Sometimes I feel really tired. Sometimes I wish I could quit all the exhausting studying and struggling and leave the damned future to hell. I am that kind of person who is always straining her energy in order to do everything best. Without being urged by anyone, I am the slave-owner of myself, feeling compelled to achieve more things in a shorter time. The result is that after a period of highly intensified life, I have pushed myself to the point where I can no longer hold my fatigue both in energy and mentality in silence. At that time, I’d ask myself in tears what all these hard labors are for. Why on earth do I have to work so hard while lots of my peers are shopping or watching movies to entertain themselves? What is the meaning?
Another fact that compounds my bitterness toward the future is the great burden I assume from my parents. I know that of course they don’t wish to place a single bit of pressure from their part, but their great love and unconditional support through all these years have made me firmly convinced that to achieve success as they have wished is the best way to repay their devotion .I cannot let them down and I cannot bear to. While most of the time I can manage it as a stimulator to my studying, occasionally it still tortures my mind, making me feel more strained.

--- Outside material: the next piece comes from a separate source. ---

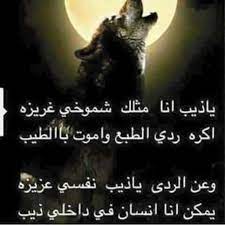 pin by sweetdream on قرآن سنة مناسبة حكم movie posters poster movies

Besides my internal struggle with the increasingly ambiguous future, external temptations are adding insult to injury. For one thing, although going to graduate school was long considered a must by me before, as a lot of my friends and classmates clearly announced their resolution to step out of the ivory tower after graduation, I can not help but ponder on the value of another two years’ studying. Will the potential benefits of a higher degree repay my devotion of time, energy and money? Is a higher degree the only path toward bigger success? What if I left my dream of becoming a master of interpretation in dust and also find a job? Will it really be that bad as I have imagined before?
I never try to hide my eagerness to earn good money, which I think is a prerequisite to that kind of decent and comfortable life I’ve long yearned for.Therefore, apart from the spiritual satisfaction I may get from a larger reservoir of knowledge, I give more weight to whether that knowledge can give me an edge in climbing up the ladder toward success. With the market value of masters and even doctors seemingly on the decrease and not a few of examples around me in which my acquaintances have managed to live quite an enviable life without a higher degree, I become unsure about whether I have to go to further study.
I know if I told my parents my hesitation about going to graduate school, they would surely be shocked and even disappointed, but somehow and some time I have to figure this out with their help.Anyway, changing my mind or not, it’s time for me to clear up the overwhelming bewilderness, make a decision and never sway from it anymore.
I still don’t know where my future lies exactly, and I feel like a child groping her way for a light.But, for worse or for better, I am still seeking.